| name | data-source-watcher |
| description | Proactive monitor for credible government data sources (IRS, BLS, SSA, DOL, state revenue departments, Census, O*NET). Detects upstream releases, opens draft refresh PRs for affected tools and articles, and maintains the user-visible "new data coming soon" banner. Operationalizes the update-velocity moat — being among the first sites to ship authoritative numbers when they change. Used by Stage 1 Discovery (surfaces freshness opportunities), Stage 4 Creation (auto-drafts refresh PRs), and the tool-cluster strategy. |
| metadata | {"family":"ops","owner":"seo","last_reviewed":"2026-05-01T00:00:00.000Z","version":"1.0.0","related_skills":["tool-fit","tool-fit-validation","content-refresh","seo-foundations","opportunity-discovery"],"kpis":["Time-to-ship after authoritative source release ≤72h for IRS / SSA; ≤14d for BLS monthly; ≤30d for ACS annual","Zero published tools showing data older than the most recent authoritative release without a 'new data coming soon' banner","≥1 'we updated within X hours' linkable-asset PR opportunity per quarter (Tier 3 backlink velocity)"],"marketing_pillar":4,"seo_standard":"B_C_E","kpi_tier":13,"funnel_stage":"all","content_class":"transactional","maturity_stage":"predictive","used_by_stages":[1,4]} |
Data Source Watcher
Proactive monitor for credible government data sources.

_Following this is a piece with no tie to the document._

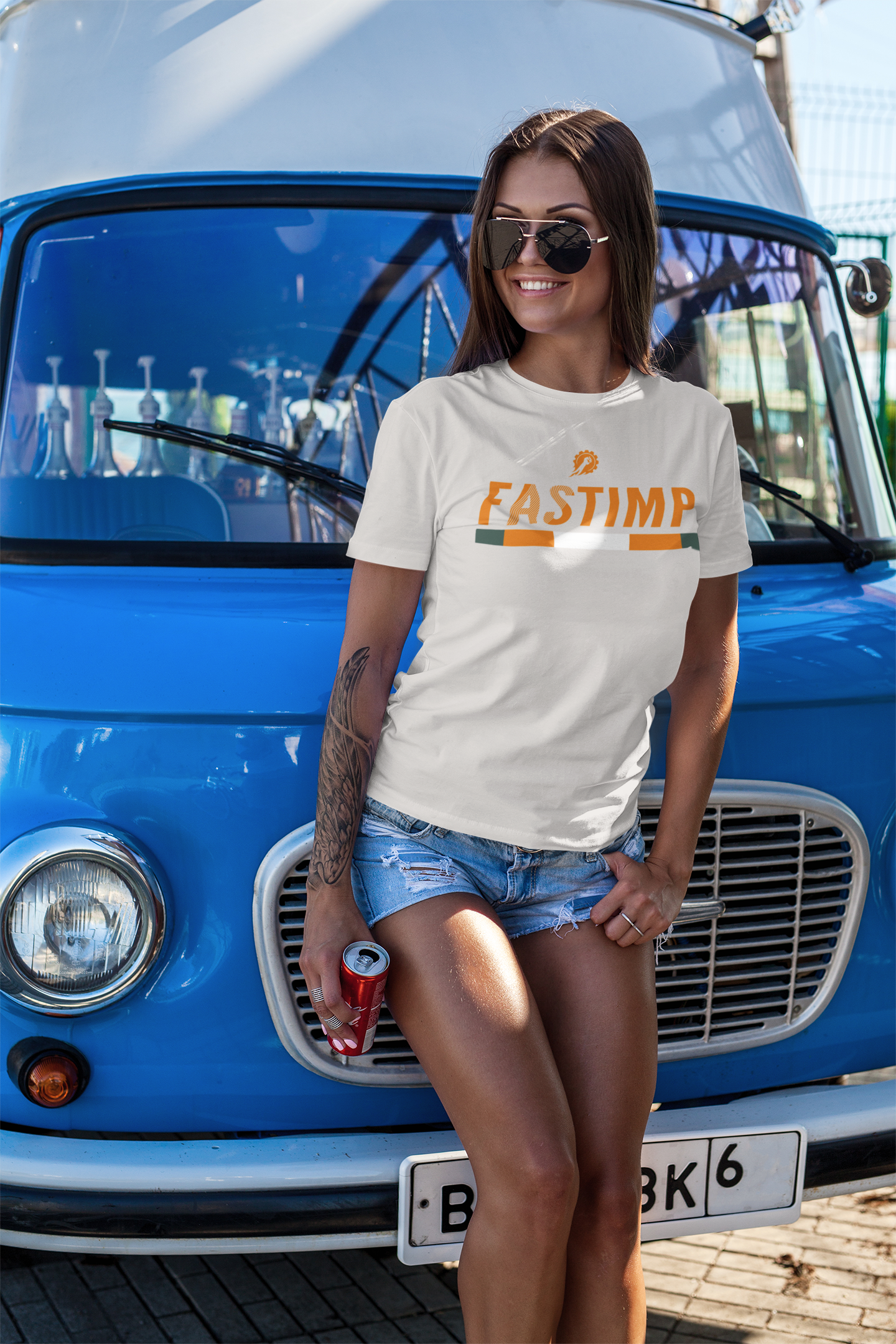 Fastimp Basic Neon - Damen Premium Organic Shirt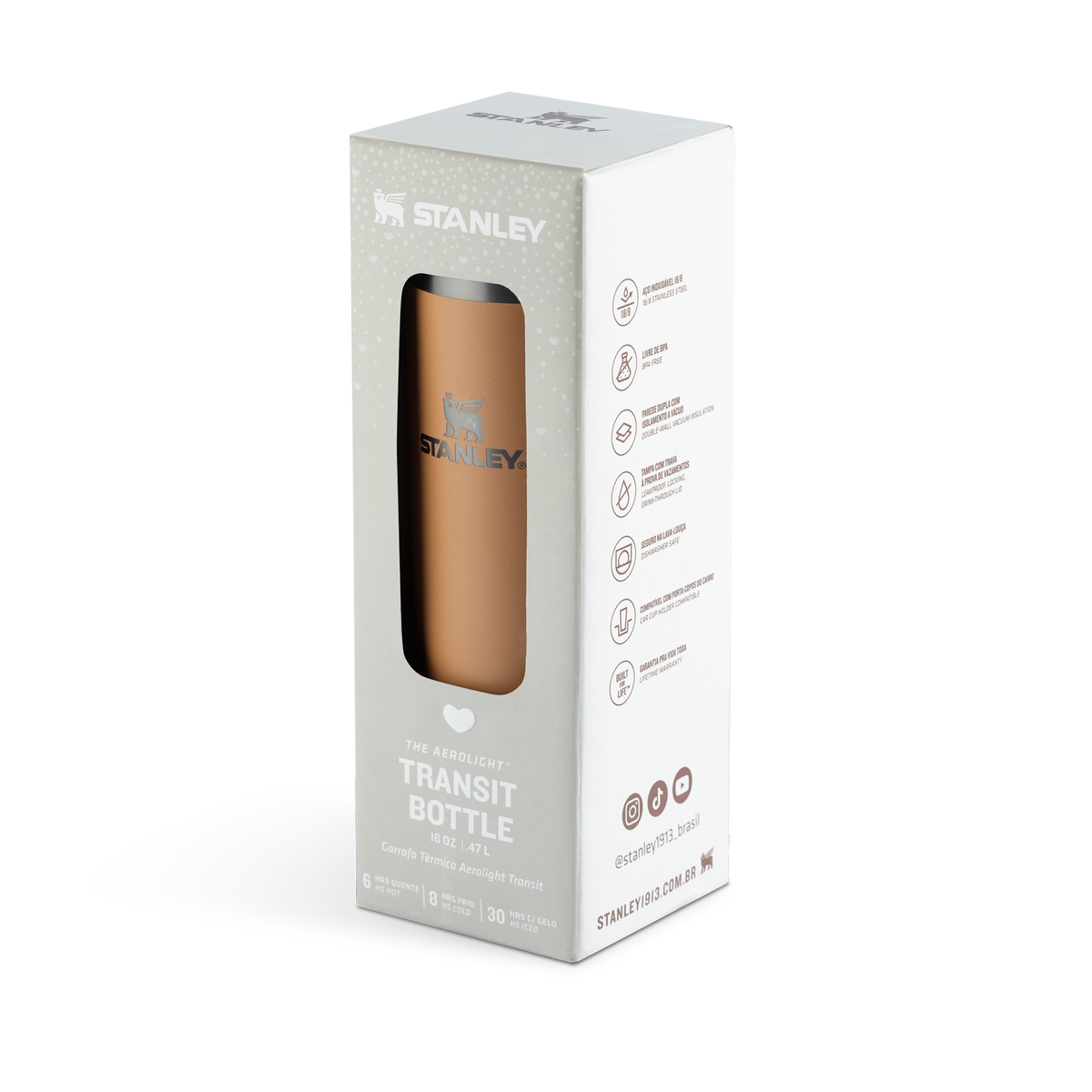 Garrafa Térmica Aerolight Transit Camel | 473ml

Operationalizes the update-velocity moat — pillar 3 of the six-pillar moat per seo/tool-fit/reference/moat-scoring.md.
Why This Exists
A take-home pay calculator showing 2024 tax tables in 2026 is worse than no calculator — it damages credibility, suppresses Tier 3 brand search, and triggers manual-action risk on YMYL pages. Reactive freshness routing (via ops/content-refresh) catches stale pages after they've gone stale; the watcher catches the upstream release before the page goes stale.
Two outcomes:
- Speed-to-ship moat: be among the first sites to publish authoritative numbers when they update. The IRS releases 2027 tables in November 2026; the SERP competitors take 2-4 weeks. We ship inside 72 hours and own the search interest during the gap. The speed itself becomes a Tier 3 brand-search and link-bait asset (a "we updated within 48h" methodology page is itself linkable).
- Honest freshness signal: when a source has updated but our integration hasn't shipped yet, the tool surfaces a user-visible "BLS 2026 OEWS published; Career Hub updates within 72h" banner. Honesty earns trust the static SERP competitors can't match.
When to Use
- Continuous (scheduled): monitor authoritative-source release calendars + RSS feeds. No human input required for the watch loop.
- Stage 1 Discovery (weekly): emits "freshness opportunities" — tools that need refresh because an upstream source has released. Discovery surfaces these as
90_10_class: refresh candidates.
- Stage 4 Creation (event-driven): when a release fires, auto-drafts a refresh PR for affected tools / articles, including data-table updates and "Last verified" date bumps.
Do Not Use When
- Reactive routing of already-stale content — that's
ops/content-refresh's job. The watcher is proactive: it knows in advance when sources are going to release.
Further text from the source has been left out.